Work task. Leaving the pictures out, transcribe the records below exactly.

Records.
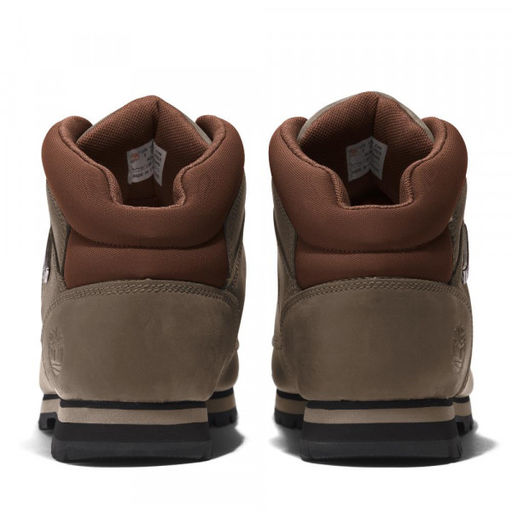 Ботинки / Timberland  фото 2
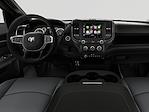 New 2025 Ram 3500 Tradesman Regular Cab 84 CA Cab Chassis for sale #R25805 - photo 17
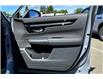 2024 Honda CR-V Sport (Stk: P5578) in Campbell River - Image 23 of 32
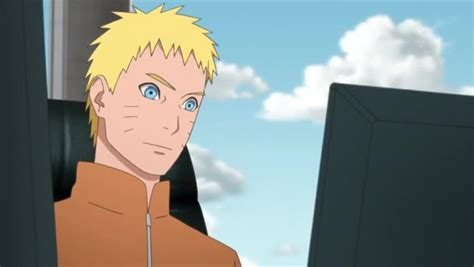 Boruto Naruto Next Generations Episode 67 English Subbed Watch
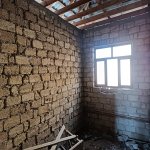 Satılır 3 otaqlı Həyət evi/villa, Koroğlu metrosu, Kürdəxanı qəs., Sabunçu rayonu 7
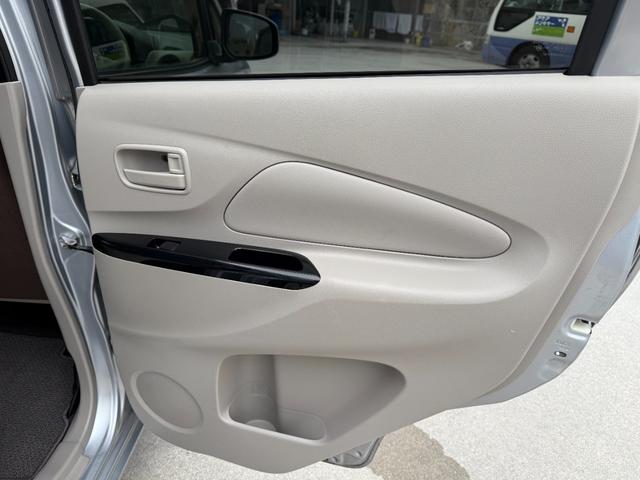 デイズ Ｊ　Ｂｌｕｅｔｏｏｔｈ・バックカメラ・キーレスエントリー・ベンチシート（18枚目）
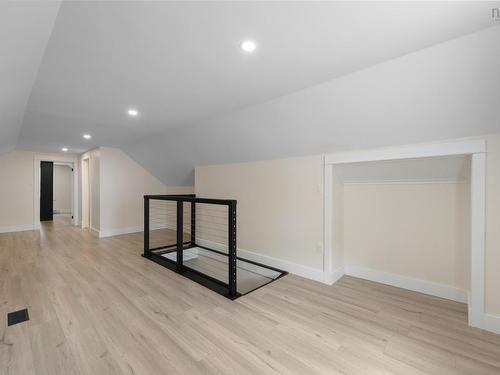 24 Varner Road, New Germany, NS 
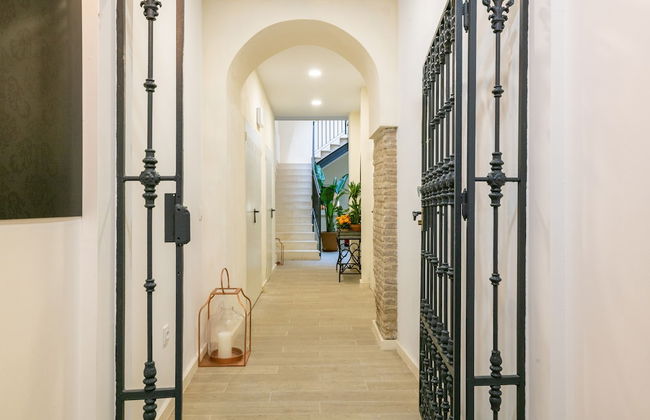 Casa Triana 1888 Suites by Época - Photo 58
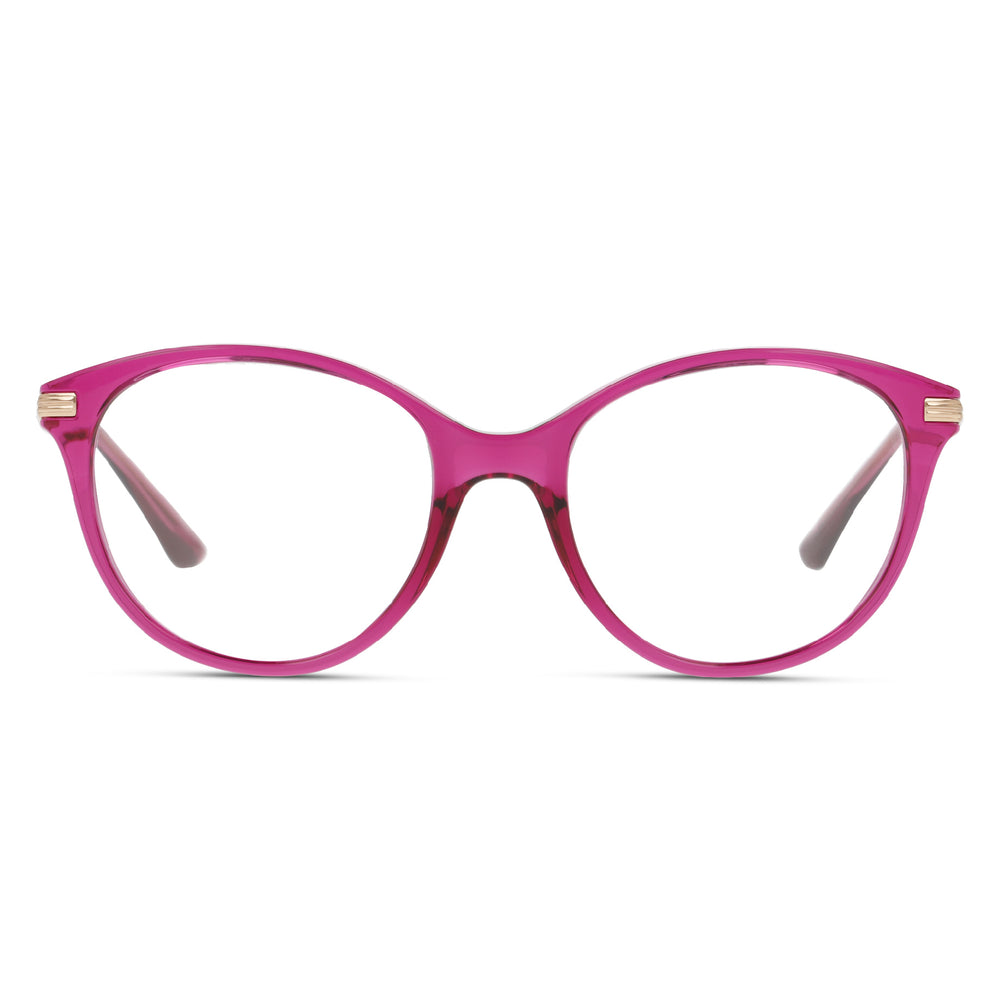 LENTE OFTALMICO VOGUE - 0VO5423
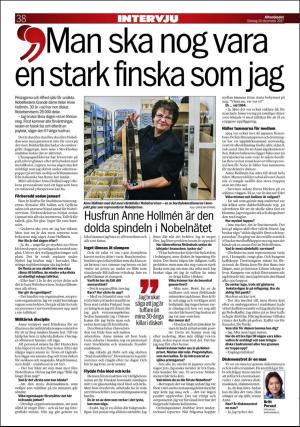 aftonbladet_3x-20171210_000_00_00_038.pdf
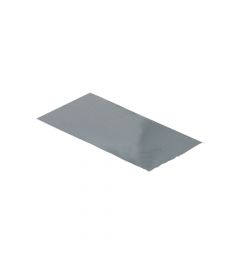 Polijstpapier, korrel 4000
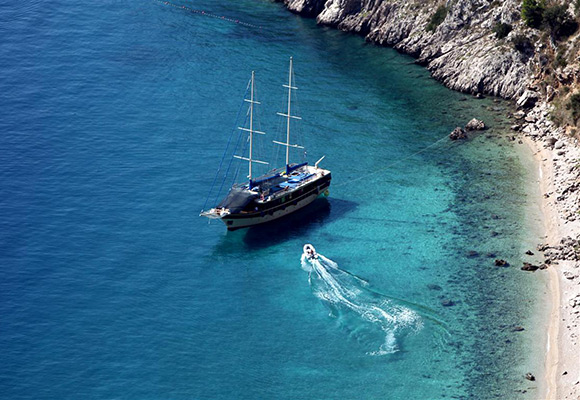Dubrovnik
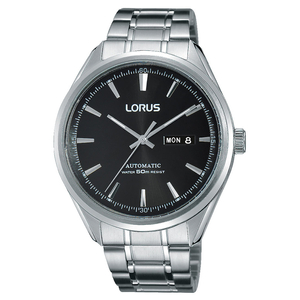 LORUS RL435AX9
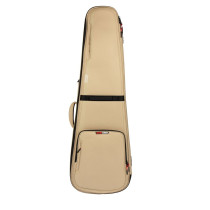 G-ICONBASS Borsa ICON basso Marrone
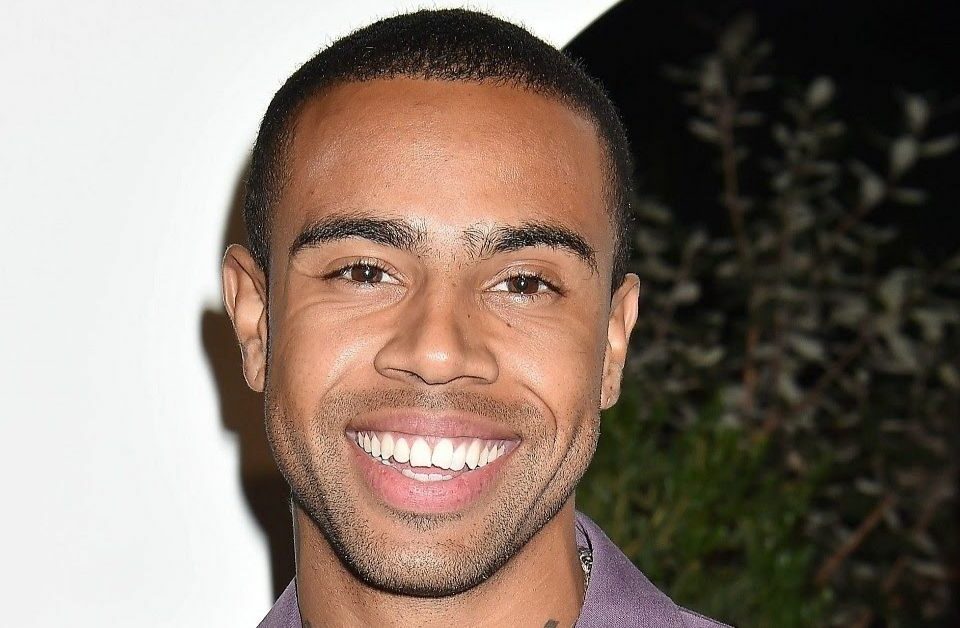 Vic Mensa Becomes Advisor & Part-Owner For Sports Audio App Colorcast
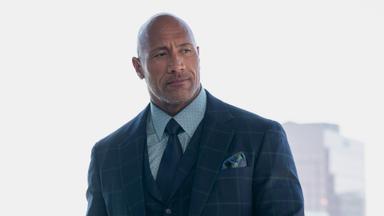 Ballers 5x6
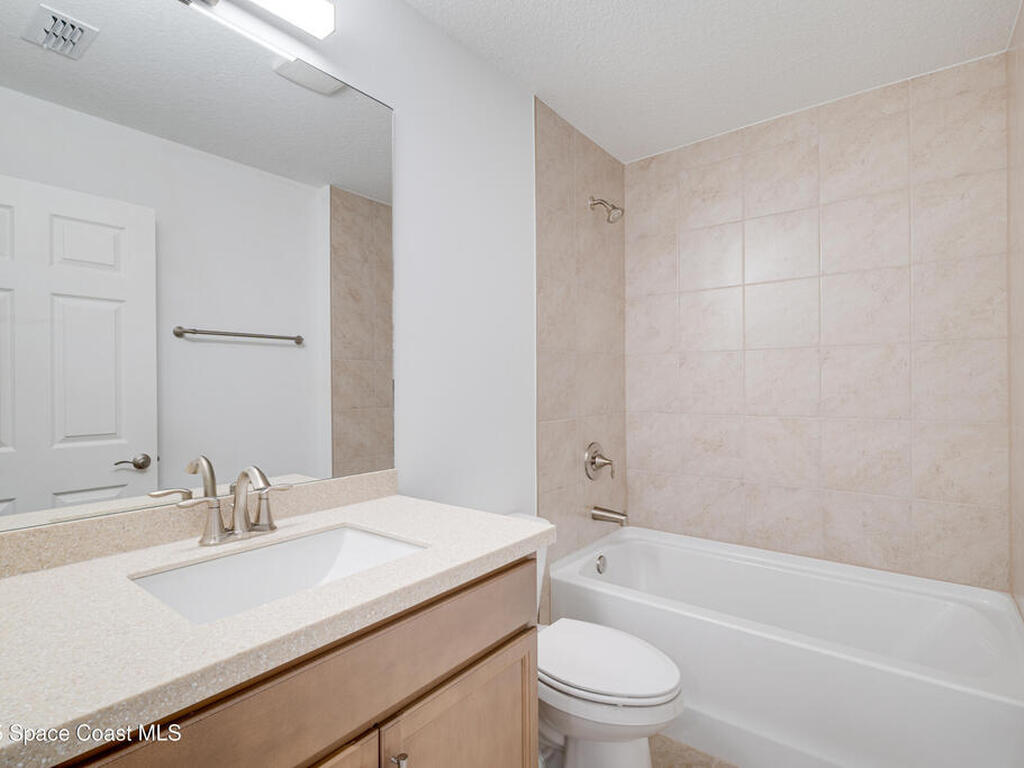 1129 Braddock Avenue, Palm Bay, FL 32909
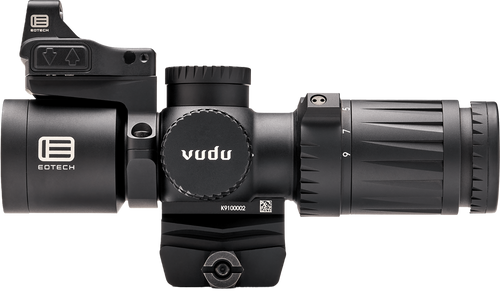 EOTECH VUDU 3-9X32 SFP HC1 MOA EFLX
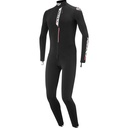 Ixon Race Body PYJ2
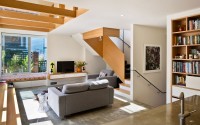 004-matai-house-parsonson-architects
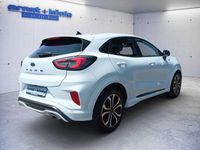 Gebraucht Ford Puma ST-Line 2024 SUV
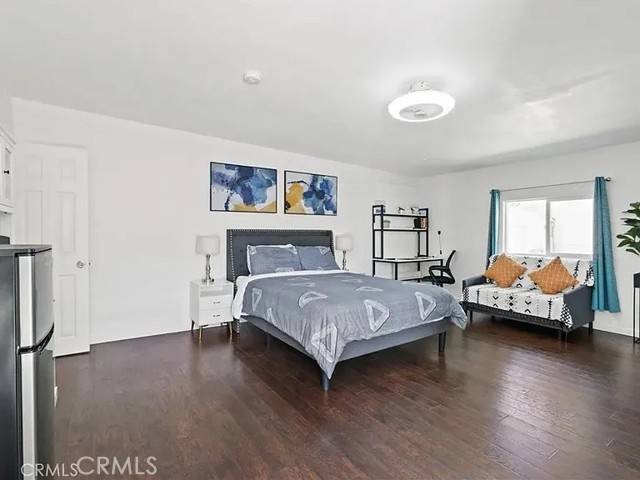 12137 Emery Street #B, El Monte, CA 91732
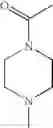 Fig. 132 - Hetereoaryl nitrile derivatives
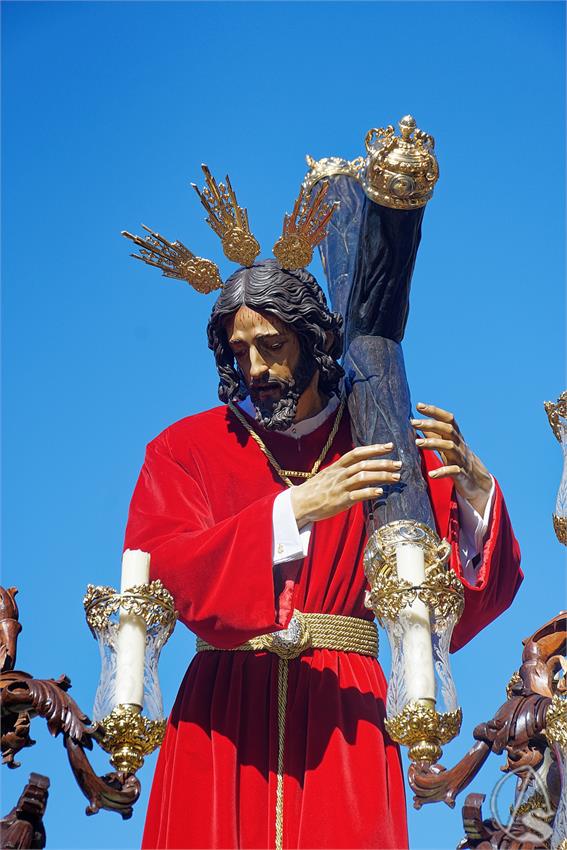 fjmontiel_Pr_Ex_Divino_Perdon_Alcosa_XXV_aniversario_2025_DSC_4806_DxO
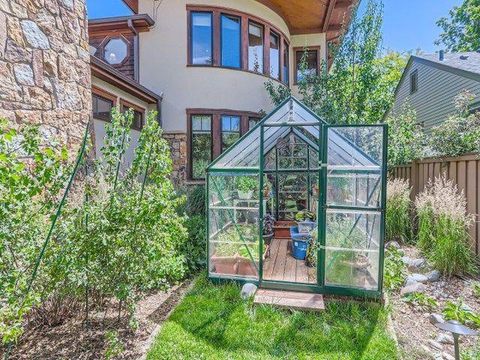 Tiny photo for 3135 11th St, Boulder, CO 80304 (MLS # 1053294)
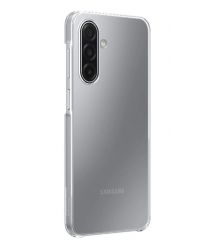 Samsung Чохол Samsung для Galaxy A17 (A175), Clear Case, прозорий
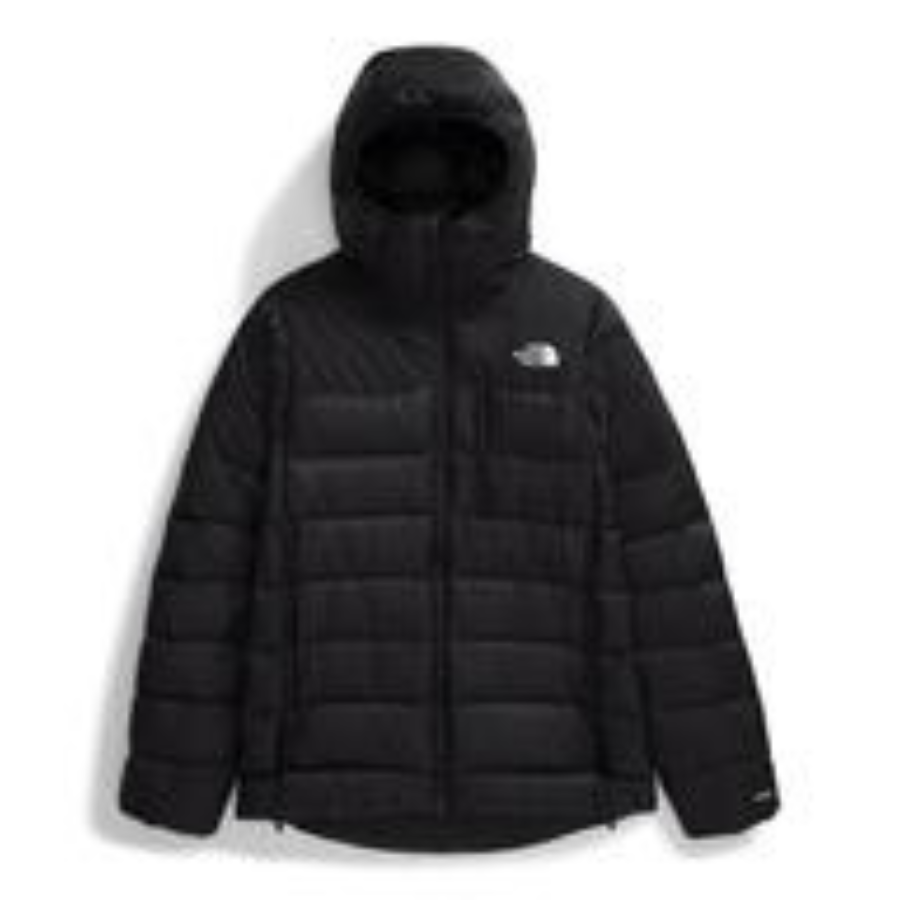 The North Face Kalix Down Hoodie - Women's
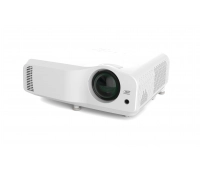 Портативный проектор Diello DL-S460H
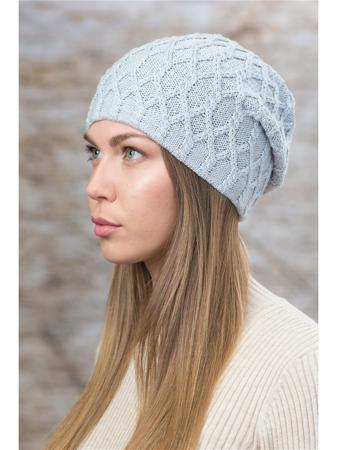 Шапка Shapkoff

Reply to the task.
 Ботинки / Timberland  фото 2
 New 2025 Ram 3500 Tradesman Regular Cab 84 CA Cab Chassis for sale #R25805 - photo 17
 2024 Honda CR-V Sport (Stk: P5578) in Campbell River - Image 23 of 32
 Boruto Naruto Next Generations Episode 67 English Subbed Watch
 Satılır 3 otaqlı Həyət evi/villa, Koroğlu metrosu, Kürdəxanı qəs., Sabunçu rayonu 7
 デイズ Ｊ　Ｂｌｕｅｔｏｏｔｈ・バックカメラ・キーレスエントリー・ベンチシート（18枚目）
 24 Varner Road, New Germany, NS 
 Casa Triana 1888 Suites by Época - Photo 58
 LENTE OFTALMICO VOGUE - 0VO5423
 aftonbladet_3x-20171210_000_00_00_038.pdf
 Polijstpapier, korrel 4000
Dubrovnik
 LORUS RL435AX9
 G-ICONBASS Borsa ICON basso Marrone
 Vic Mensa Becomes Advisor & Part-Owner For Sports Audio App Colorcast
 Ballers 5x6
 1129 Braddock Avenue, Palm Bay, FL 32909
 EOTECH VUDU 3-9X32 SFP HC1 MOA EFLX
 Ixon Race Body PYJ2
 004-matai-house-parsonson-architects
 Gebraucht Ford Puma ST-Line 2024 SUV
 12137 Emery Street #B, El Monte, CA 91732
 Fig. 132 - Hetereoaryl nitrile derivatives
 fjmontiel_Pr_Ex_Divino_Perdon_Alcosa_XXV_aniversario_2025_DSC_4806_DxO
 Tiny photo for 3135 11th St, Boulder, CO 80304 (MLS # 1053294)
 Samsung Чохол Samsung для Galaxy A17 (A175), Clear Case, прозорий
 The North Face Kalix Down Hoodie - Women's
 Портативный проектор Diello DL-S460H
 Шапка Shapkoff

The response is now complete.